**Given data**
---*---
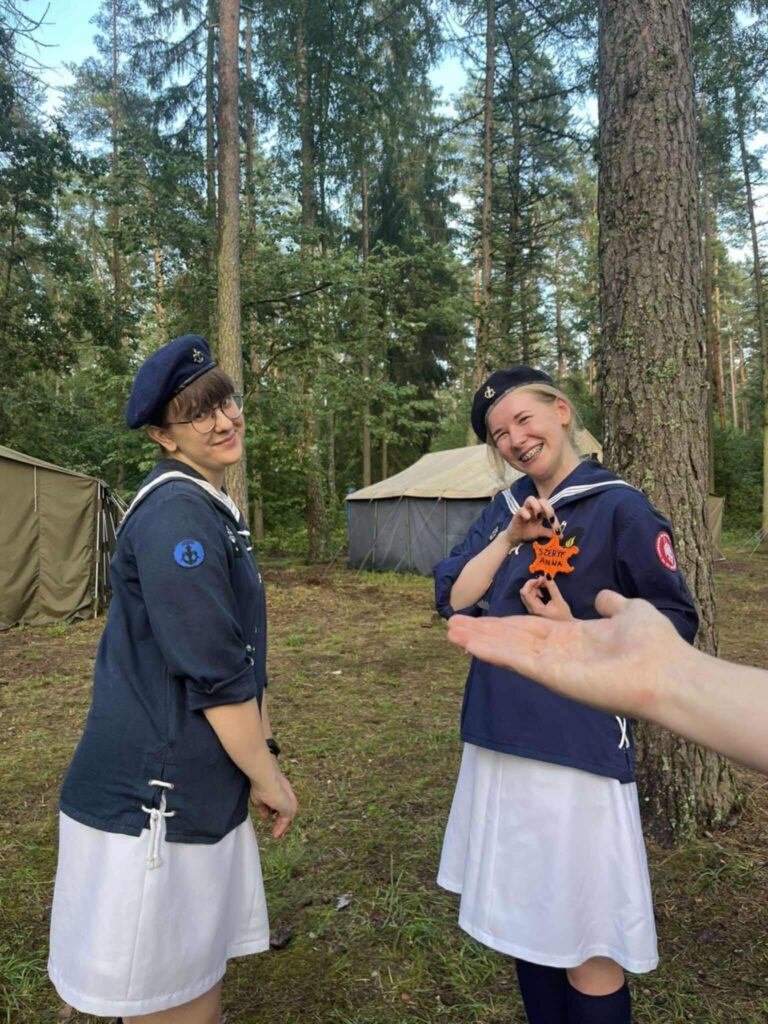 518381763_1110205304490394_7857024774597984423_n-768x1024 🤠Mławscy harcerze na Dzikim Zachodzie – rozpoczęli obóz w Kierwiku 🏕️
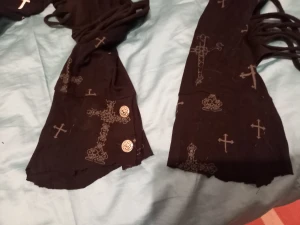 Skelett tröja  - Använd en gång vid fotning, avklippt på armarna men det va så när jag köpte den. Katt finns I hemmet men rollar av innan jag skickar 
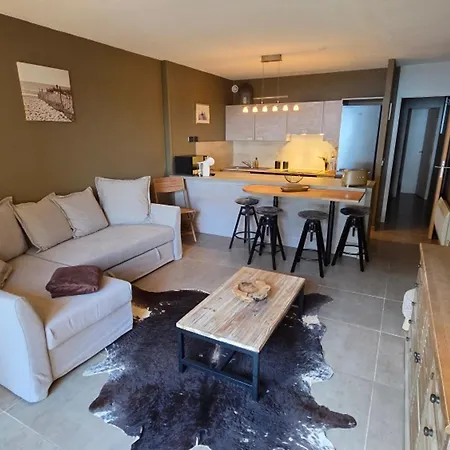 Apartament 2 Pieces Climatise, Vue Mer, - Fr-1-780-97 *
---*---
**Task statement**
Everything in the listing above except the pictures should be duplicated exactly.

**Worked solution**
 518381763_1110205304490394_7857024774597984423_n-768x1024 🤠Mławscy harcerze na Dzikim Zachodzie – rozpoczęli obóz w Kierwiku 🏕️
 Skelett tröja  - Använd en gång vid fotning, avklippt på armarna men det va så när jag köpte den. Katt finns I hemmet men rollar av innan jag skickar 
 Apartament 2 Pieces Climatise, Vue Mer, - Fr-1-780-97 *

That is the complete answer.